Pécsvárad gehört zusammen mit seinem Einzugsgebiet zu den stärker entwickelten Regionen des Komitats. Seine Position wird durch die geografische Lage und die günstigen Verkehrsanbindungen gestärkt. Die Wirtschaft ist hauptsächlich industriell und logistisch geprägt. Aufgrund der Landwirtschaft, der mittelalterlichen Burganlage und des Erholungsgebiets am Dombay-See spielt jedoch auch der Tourismus eine bedeutende Rolle.
Verkehr und Logistik
Pécsvárad ist eine Ortschaft am Fuße des Kelet-Mecsek, die über eine hervorragende Verkehrsanbindung verfügt. Dies ist vor allem der Hauptstraße Nr. 6 zu verdanken, die direkt an der Stadt vorbeiführt und eine schnelle Anbindung sowohl nach Pécs als auch nach Szekszárd ermöglicht. Die Trassenführung der Hauptstraße ist sehr günstig, da sie südlich der bewohnten Gebiete der Stadt verläuft und im Wesentlichen als Umgehungsstraße fungiert, wodurch die Ortschaft vor den negativen Auswirkungen des Durchgangsverkehrs verschont bleibt. Das Industriegebiet wird jedoch durch die Straße geteilt, wodurch die dortigen Standorte äußerst leicht zu erreichen sind.
Die Kreisstadt liegt ganz in der Nähe, nur 20 km entfernt. Auch Szekszárd ist nicht weit: Das Zentrum des Kreises Tolna ist über die Straße 43 km entfernt. Das Schnellstraßennetz ist am nächsten am Autobahnkreuz der M6 zwischen Véménd und Palotabozsok erreichbar, das 21 km von der Stadt entfernt liegt.
Die wichtigste Verkehrsachse ist natürlich die Hauptstraße 6, deren Abschnitte in der Nähe der Ortschaft größtenteils in gutem Zustand sind. In nordöstlicher Richtung, nach Mecseknádasd, wurde der Abschnitt, der durch den Berg führt, kürzlich saniert.

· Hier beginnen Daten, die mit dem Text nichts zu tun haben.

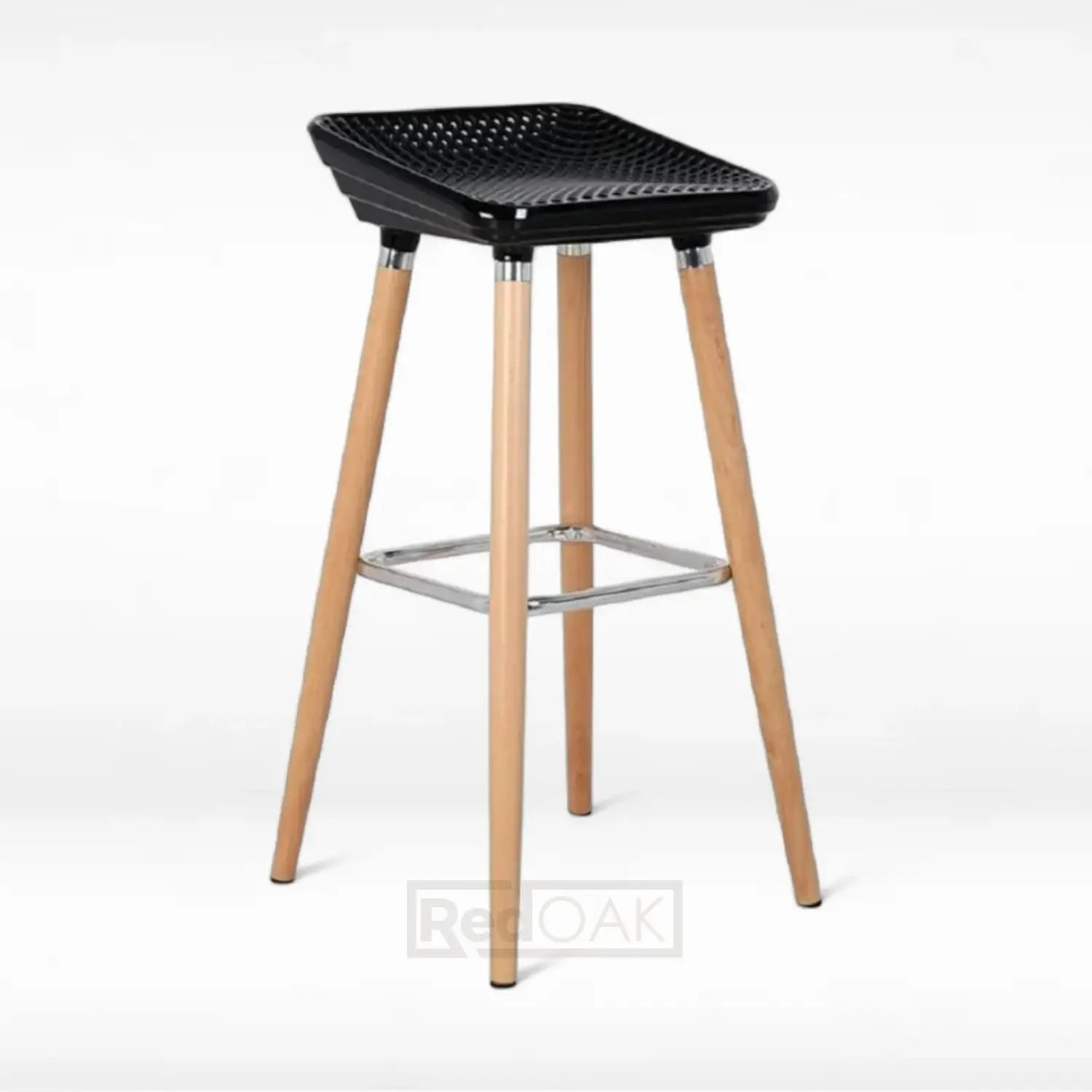A modern high stool with a black back-less seat and solid wood legs.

Die nächstgelegene Bahnverbindung befindet sich in Pécs oder im ebenfalls etwa 20 km entfernten Bonyhád. Der Bahnhof in Pécs an der elektrifizierten Hauptstrecke bietet sowohl für den Personen- als auch für den Güterverkehr umfangreichere Möglichkeiten als der Nebenbahnhof in Bonyhád. Bei Ost-West-Transporten (in Richtung Kaposvár–Nagykanizsa oder Baja–Szeged) kann Letzteres aufgrund der Beschaffenheit des Streckennetzes jedoch sogar die bessere Wahl sein.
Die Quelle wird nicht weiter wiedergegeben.